Environment & Urbanization

World leading environmental and urban studies journal

Locating the Right to the City in the Global South

Author(s): 
Tony Roshan Samara, Shenjing He, Guo Chen (editors)

Publisher: 
Routledge

Year: 
2013

This book draws attention to the increasing social polarization and spatial divisions of cities, the refashioning of certain urban areas, and the complicated politics from local to global level that arise from and feed into urban changes and transformations.

The introductory chapter outlines how the right to the city can provide a lens to address one key issue behind many arguments in urban development practice and theory, namely socio-spatial segregation as the defining feature of cities. Positioning the right to the city as related to some form of integration, the book uses it as a powerful tool to articulate and re-politicize a relational understanding of cities.

The chapters critically examine some of the complex tensions that are highly debated in urban studies such as e.g. core and periphery, cosmopolitan and transnational spaces and local manifestations, multiple and emerging identities and notions of belonging, the urban poor and emerging middle classes, forms of informality and formality, and public and private claims.

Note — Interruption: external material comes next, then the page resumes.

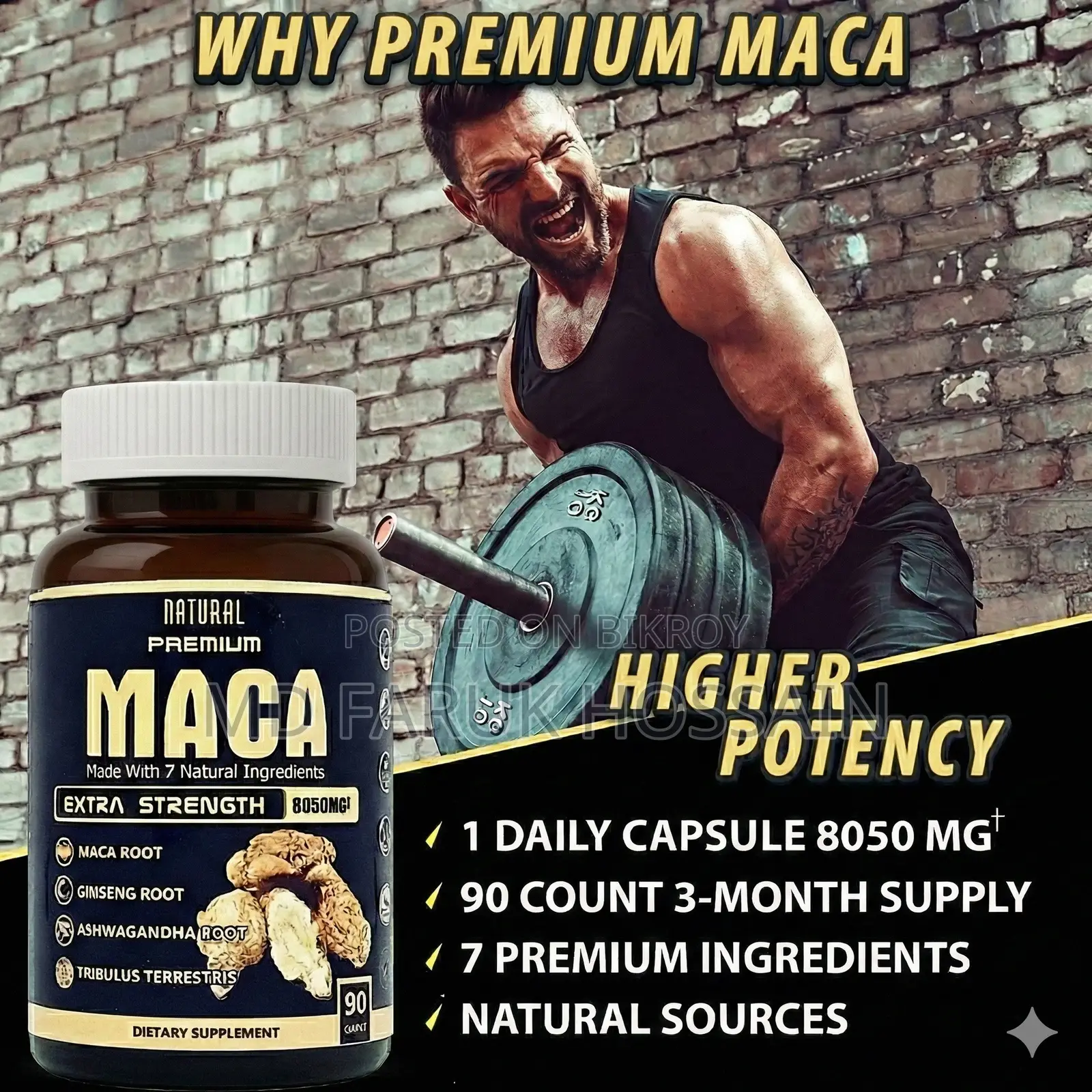 Maca — Made in Bulgaria | 90 Capsules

Geographically, the book covers 16 cities of the Global South and authors enter urban discussions from various levels. Entry points range from the neighbourhood (e.g. Sankara in Ougadougou) to the city (e.g. Beirut, Yixing, Kolkata, Bogota), municipality (Mexico City), nation (e.g. Morocco, China, and India), and even virtual space (e.g. related to protests in Cairo).

Readers will find themselves inspired by the wide range of topics that can be viewed from the right to the city perspective and the innovative and empirically-informed efforts to make sense of urban transformations. These include the struggles of urban dwellers surrounding housing and land use, megaprojects and large-scale private developments, environmentalism and green movements, the production of public space, modes of participation and governance, and collaborative forms of communication and contestation.

Thus, the book adds to efforts to provide a fuller picture of the complex urban life in large cities. Cities have to be understood in the light of globalization pressures, e.g. as exposed to global markets, but also from the perspective of public administration. Most importantly, the authors argue for a stronger integration of ordinary city life and local circumstances, with their distinctive and very context-specific logics, norms and values, in order to elaborate a Southern urbanism that goes beyond current conventional categories, labels and hierarchies.